In March, the United Nations Commission on Narcotic Drugs met in Vienna as the culmination of a 10-year review of global drug policy. A ”political declaration” was issued which, at the urging of the US, excluded the phrase ”harm reduction”. This omission caused a split in the fragile international consensus on drug policy and resulted in 26 countries, including Australia, demanding explicit support for harm reduction in a footnote.

In April, Michel Kazatchkine, of the Global Fund to Fight Aids, Tuberculosis and Malaria, argued in favour of decriminalising illicit drugs to allow efforts to halt the spread of HIV to succeed. The same month, a national Zogby poll in the US provided evidence of changing opinion on the legalisation of cannabis: 52 per cent supported cannabis becoming legal, taxed and regulated.

In May there was movement on several fronts. The Governor of California, Arnold Schwarzenegger, said: ”I think it’s not time for [legalisation], but I think it’s time for a debate.” He was supported by a number of other American politicians, while Vicente Fox, a former Mexican president, said he was not yet convinced it was the solution but asked: ”Why not discuss it?” The Colombian Vice-President, Francisco Santos Calderon, is already convinced. ”The only way you can really solve the problem [is] if you legalise it totally.”

Obama’s drug czar, Gil Kerlikowske, the director of the Office of National Drug Control Policy, said he wanted to banish the idea of fighting a ”war on drugs”, while the United Nations Secretary-General, Ban Ki-moon, said criminal sanctions on same-sex sex, commercial sex and drug injections were barriers for HIV treatment services. ”Those behaviours should be decriminalised, and people addicted to drugs should receive health services for the treatment of their addiction,” he said.

In Germany, the federal parliament voted 63 per cent in favour to allow heroin prescription treatment.

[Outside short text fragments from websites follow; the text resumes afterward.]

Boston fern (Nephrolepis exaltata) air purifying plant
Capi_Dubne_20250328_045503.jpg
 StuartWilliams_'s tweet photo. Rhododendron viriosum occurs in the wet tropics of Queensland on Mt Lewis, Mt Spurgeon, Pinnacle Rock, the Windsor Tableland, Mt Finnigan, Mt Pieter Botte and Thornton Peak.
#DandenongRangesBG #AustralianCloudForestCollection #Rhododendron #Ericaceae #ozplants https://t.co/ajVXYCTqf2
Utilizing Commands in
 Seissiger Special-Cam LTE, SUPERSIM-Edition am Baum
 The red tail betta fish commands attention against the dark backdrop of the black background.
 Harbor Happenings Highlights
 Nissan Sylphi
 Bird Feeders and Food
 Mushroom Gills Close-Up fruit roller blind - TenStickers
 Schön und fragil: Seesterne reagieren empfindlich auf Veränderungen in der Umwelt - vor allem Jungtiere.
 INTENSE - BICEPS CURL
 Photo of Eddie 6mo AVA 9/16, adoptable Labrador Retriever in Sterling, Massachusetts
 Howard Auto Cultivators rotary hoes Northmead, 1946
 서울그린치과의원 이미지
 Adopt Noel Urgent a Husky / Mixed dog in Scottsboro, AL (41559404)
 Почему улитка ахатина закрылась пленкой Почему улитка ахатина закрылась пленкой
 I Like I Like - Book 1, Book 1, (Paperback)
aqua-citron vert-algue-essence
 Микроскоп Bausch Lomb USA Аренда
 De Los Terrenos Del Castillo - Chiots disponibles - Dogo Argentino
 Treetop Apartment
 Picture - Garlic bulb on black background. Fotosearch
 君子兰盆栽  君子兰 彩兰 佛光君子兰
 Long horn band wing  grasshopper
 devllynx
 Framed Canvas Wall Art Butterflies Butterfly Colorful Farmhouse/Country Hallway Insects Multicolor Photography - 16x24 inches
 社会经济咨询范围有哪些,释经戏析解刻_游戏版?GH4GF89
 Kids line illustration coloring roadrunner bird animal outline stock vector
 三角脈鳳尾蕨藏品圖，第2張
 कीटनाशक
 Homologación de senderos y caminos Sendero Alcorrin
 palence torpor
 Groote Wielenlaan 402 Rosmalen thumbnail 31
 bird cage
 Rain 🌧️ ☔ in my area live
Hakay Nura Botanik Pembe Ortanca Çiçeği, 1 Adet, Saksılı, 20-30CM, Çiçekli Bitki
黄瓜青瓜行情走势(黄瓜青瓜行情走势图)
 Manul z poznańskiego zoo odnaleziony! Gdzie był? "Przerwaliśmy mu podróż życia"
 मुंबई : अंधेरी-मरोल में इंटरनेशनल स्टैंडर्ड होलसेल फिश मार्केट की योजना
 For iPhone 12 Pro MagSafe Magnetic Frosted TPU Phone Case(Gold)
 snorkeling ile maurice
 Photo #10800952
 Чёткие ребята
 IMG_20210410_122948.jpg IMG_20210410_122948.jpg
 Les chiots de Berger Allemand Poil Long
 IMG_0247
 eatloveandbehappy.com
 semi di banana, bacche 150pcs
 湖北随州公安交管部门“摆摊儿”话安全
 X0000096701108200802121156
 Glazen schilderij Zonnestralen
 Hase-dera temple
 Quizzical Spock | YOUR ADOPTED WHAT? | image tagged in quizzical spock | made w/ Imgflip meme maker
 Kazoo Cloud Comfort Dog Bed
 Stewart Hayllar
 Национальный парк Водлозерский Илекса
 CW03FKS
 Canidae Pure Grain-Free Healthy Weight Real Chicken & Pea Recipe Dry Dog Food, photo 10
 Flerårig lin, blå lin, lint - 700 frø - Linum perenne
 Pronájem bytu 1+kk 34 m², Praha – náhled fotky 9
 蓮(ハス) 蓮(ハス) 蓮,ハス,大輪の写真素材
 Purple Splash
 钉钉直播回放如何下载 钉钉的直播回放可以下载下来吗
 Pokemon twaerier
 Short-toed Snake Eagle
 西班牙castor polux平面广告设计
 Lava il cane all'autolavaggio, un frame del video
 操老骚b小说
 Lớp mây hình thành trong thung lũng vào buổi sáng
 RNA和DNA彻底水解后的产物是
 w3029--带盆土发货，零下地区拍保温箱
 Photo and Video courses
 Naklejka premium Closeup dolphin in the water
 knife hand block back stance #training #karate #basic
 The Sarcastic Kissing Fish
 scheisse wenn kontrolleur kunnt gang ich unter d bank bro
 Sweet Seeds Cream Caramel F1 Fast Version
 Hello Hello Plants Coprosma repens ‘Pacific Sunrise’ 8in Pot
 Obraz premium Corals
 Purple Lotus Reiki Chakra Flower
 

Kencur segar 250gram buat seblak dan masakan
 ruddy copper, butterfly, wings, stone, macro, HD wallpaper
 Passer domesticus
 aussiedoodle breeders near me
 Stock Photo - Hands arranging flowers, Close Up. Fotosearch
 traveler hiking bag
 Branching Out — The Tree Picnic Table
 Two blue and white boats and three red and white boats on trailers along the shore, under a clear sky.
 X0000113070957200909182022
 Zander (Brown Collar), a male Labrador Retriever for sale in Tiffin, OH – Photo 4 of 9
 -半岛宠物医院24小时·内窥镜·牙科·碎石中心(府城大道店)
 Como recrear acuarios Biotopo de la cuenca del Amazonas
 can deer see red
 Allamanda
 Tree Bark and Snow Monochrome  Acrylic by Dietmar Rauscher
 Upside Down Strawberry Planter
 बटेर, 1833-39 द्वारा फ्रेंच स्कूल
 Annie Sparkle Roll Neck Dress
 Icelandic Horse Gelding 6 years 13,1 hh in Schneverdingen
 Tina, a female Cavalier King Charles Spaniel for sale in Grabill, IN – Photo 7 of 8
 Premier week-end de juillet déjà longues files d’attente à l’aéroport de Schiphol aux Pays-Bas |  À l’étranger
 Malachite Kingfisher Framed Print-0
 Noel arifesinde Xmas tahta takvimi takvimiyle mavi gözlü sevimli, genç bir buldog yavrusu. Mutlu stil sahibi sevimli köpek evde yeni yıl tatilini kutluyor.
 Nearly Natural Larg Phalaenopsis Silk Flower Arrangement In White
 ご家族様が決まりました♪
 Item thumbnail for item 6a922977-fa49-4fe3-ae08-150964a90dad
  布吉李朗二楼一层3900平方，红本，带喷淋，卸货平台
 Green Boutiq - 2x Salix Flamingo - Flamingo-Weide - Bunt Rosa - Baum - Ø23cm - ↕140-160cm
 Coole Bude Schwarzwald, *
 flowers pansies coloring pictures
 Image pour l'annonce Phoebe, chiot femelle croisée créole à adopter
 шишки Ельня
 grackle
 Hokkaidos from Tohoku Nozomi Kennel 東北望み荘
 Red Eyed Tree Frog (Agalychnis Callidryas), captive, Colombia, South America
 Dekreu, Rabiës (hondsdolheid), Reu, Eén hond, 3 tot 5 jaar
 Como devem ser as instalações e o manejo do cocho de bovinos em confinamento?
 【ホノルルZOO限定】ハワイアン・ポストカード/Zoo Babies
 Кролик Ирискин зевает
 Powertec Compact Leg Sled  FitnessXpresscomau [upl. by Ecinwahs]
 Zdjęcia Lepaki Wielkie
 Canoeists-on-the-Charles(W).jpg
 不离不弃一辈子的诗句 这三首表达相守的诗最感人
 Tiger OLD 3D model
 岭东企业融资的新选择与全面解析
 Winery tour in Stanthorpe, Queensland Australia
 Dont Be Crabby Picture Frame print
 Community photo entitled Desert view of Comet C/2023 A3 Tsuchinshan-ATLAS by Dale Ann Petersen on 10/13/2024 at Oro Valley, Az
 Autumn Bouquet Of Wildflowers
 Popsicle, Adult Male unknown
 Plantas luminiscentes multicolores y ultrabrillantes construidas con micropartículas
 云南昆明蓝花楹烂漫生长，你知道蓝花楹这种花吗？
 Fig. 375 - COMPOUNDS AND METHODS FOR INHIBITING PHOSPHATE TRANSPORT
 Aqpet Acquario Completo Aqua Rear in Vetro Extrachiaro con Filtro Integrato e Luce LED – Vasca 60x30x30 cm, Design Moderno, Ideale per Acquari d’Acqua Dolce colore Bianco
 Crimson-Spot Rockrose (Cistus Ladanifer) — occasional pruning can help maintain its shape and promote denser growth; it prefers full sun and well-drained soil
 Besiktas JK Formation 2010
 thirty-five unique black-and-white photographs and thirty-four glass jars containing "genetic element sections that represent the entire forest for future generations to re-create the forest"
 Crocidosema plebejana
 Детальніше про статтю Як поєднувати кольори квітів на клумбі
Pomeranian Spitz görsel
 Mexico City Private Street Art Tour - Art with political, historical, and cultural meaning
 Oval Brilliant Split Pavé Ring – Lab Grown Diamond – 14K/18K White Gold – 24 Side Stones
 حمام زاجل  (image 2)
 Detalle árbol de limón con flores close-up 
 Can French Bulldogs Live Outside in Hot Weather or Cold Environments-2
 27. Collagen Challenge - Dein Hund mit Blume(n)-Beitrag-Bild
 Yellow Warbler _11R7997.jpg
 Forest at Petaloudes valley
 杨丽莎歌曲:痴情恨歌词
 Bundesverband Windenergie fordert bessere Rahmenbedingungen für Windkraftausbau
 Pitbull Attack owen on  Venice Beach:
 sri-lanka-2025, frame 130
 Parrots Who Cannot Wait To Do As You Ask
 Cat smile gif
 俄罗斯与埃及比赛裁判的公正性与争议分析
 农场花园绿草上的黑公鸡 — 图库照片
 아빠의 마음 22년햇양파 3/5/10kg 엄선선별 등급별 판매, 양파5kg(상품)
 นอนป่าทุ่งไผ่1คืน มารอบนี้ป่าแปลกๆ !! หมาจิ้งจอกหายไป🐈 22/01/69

In July, the Economic and Social Council, a UN body more senior than the Commission on Narcotic Drugs, approved a resolution requiring national governments to provide ”services for injecting drug users in all settings, including prisons” and harm reduction programs such as needle syringe programs and substitution treatment for heroin users. This month, Mexico removed criminal sanctions for possessing any illicit drug in small quantities while Argentina is making similar changes for cannabis.

Portugal, Spain and Italy had earlier dropped criminal sanctions for possessing small amounts of any illicit drug, while the Netherlands and Germany have achieved the same effect by changing policing policy.

It is now clear that support for a drug policy heavily reliant on law enforcement is dwindling in Western Europe, the US and South America, while support for harm reduction and drug law reform is growing. Sooner or later this debate will start again in Australia.